Only the images get left out; everything else in the records is to be transcribed exactly.

───

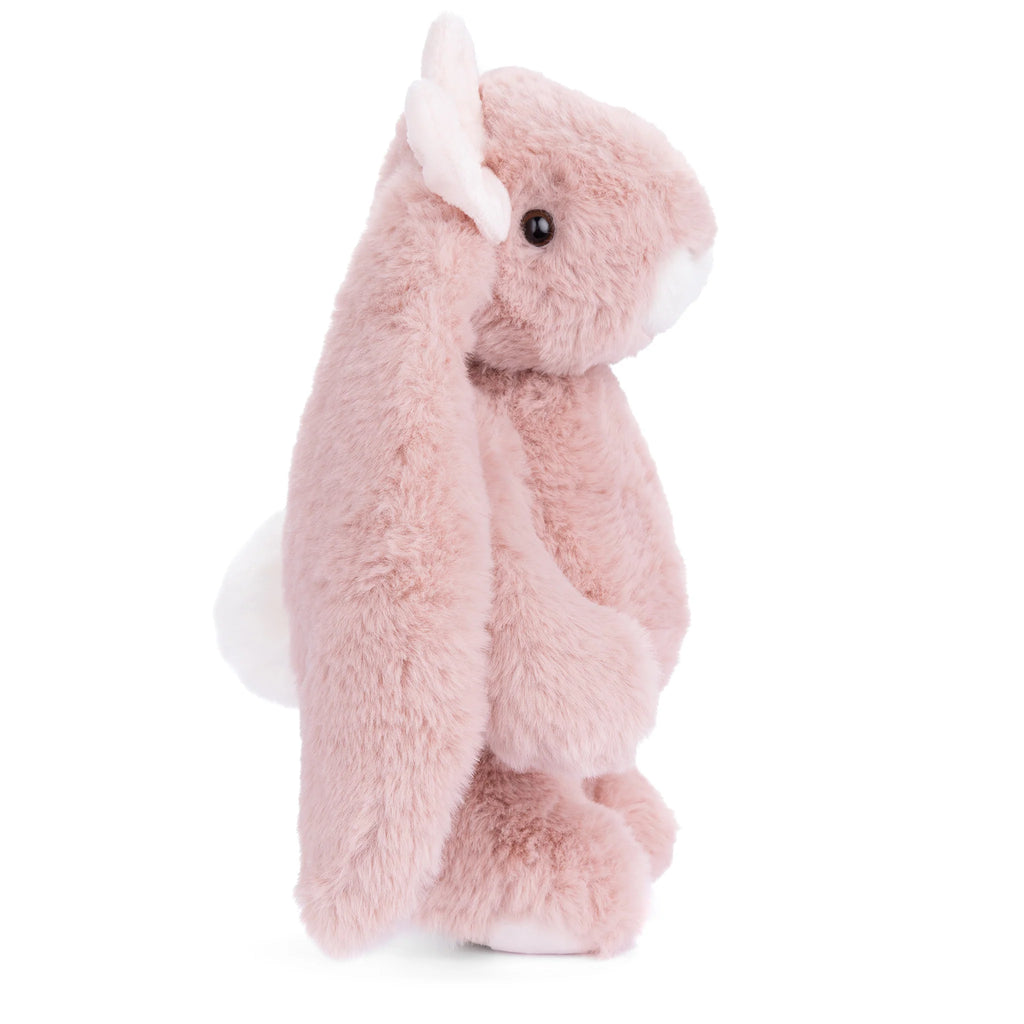 A plush Bukowski - Friendly Kanina - Antique Pink bunny toy with long floppy ears, a white tail, and black eyes is shown in profile against a white background—this adorable stuffed animal is perfect for children and collectors alike.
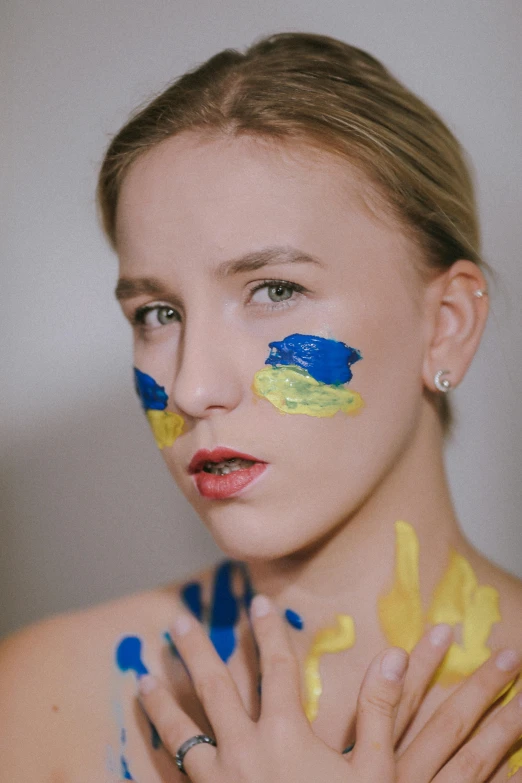 a girl with face painted in a yellow blue and white paint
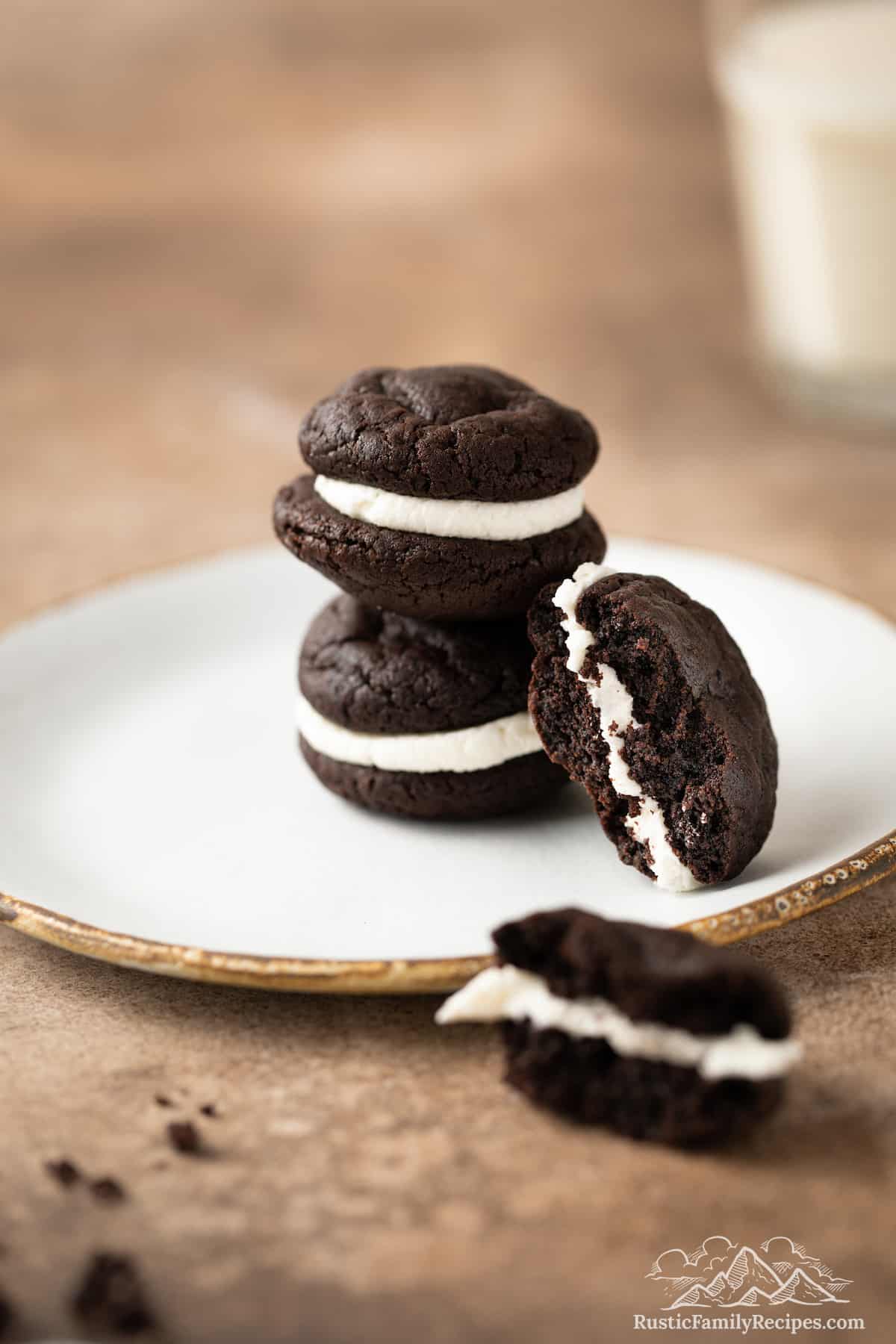 Two Oreo whoopie pies stacked on a white plate, with a third whoopie pie cut in half to reveal the chocolate cookie and vanilla filling layers.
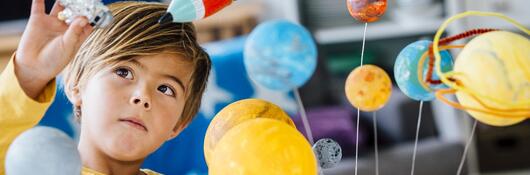 A child playing with a constellation toy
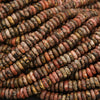 Close-up of a pile of multicolored stone beads.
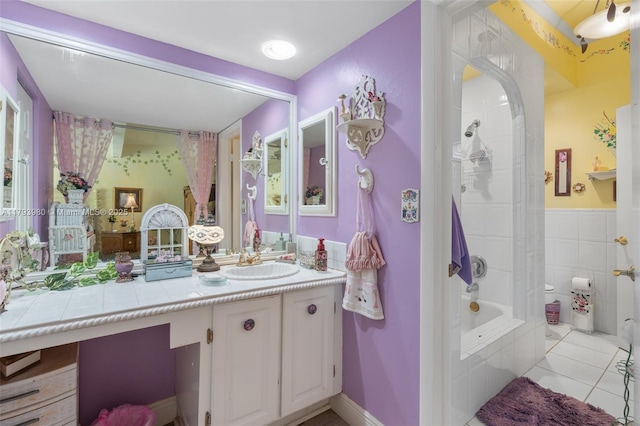 bathroom with vanity, tile patterned flooring, and tiled shower / bath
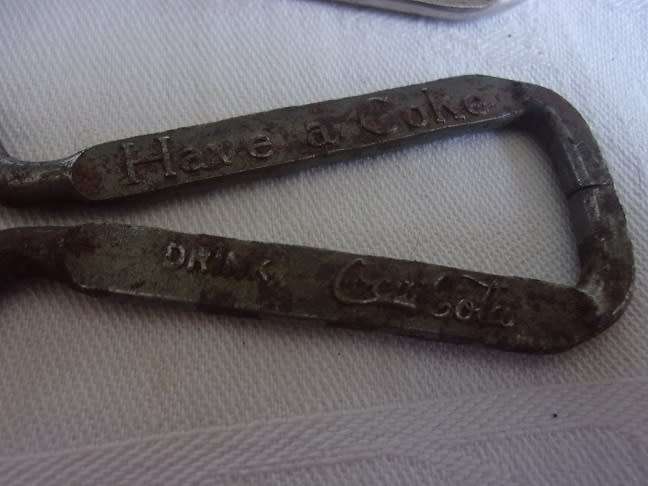 Lot of 8 vintage Coca-Cola bottle openers for 1 bid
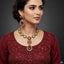 The Empress Bridal Set featuring pearl and antique gold necklace with earrings, priced Rs. 3650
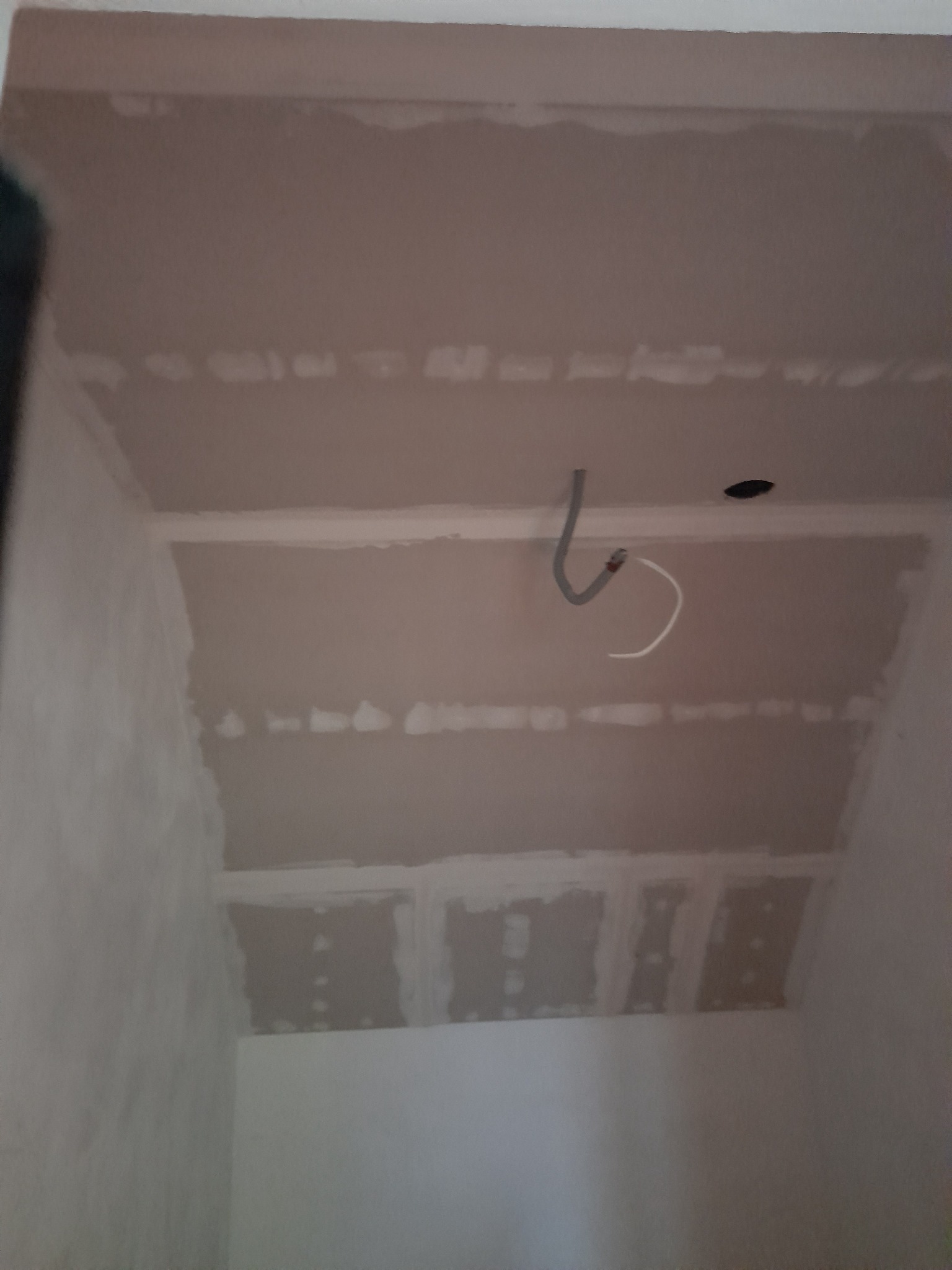 Sufit z płyt kartonowo-gipsowych w trakcie montażu, widoczne łączenia płyt i przewody elektryczne.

───

:: ANSWER SPACE ::
 A plush Bukowski - Friendly Kanina - Antique Pink bunny toy with long floppy ears, a white tail, and black eyes is shown in profile against a white background—this adorable stuffed animal is perfect for children and collectors alike.
 a girl with face painted in a yellow blue and white paint
 Two Oreo whoopie pies stacked on a white plate, with a third whoopie pie cut in half to reveal the chocolate cookie and vanilla filling layers.
 A child playing with a constellation toy
 Close-up of a pile of multicolored stone beads.
 bathroom with vanity, tile patterned flooring, and tiled shower / bath
 Lot of 8 vintage Coca-Cola bottle openers for 1 bid
 The Empress Bridal Set featuring pearl and antique gold necklace with earrings, priced Rs. 3650
 Sufit z płyt kartonowo-gipsowych w trakcie montażu, widoczne łączenia płyt i przewody elektryczne.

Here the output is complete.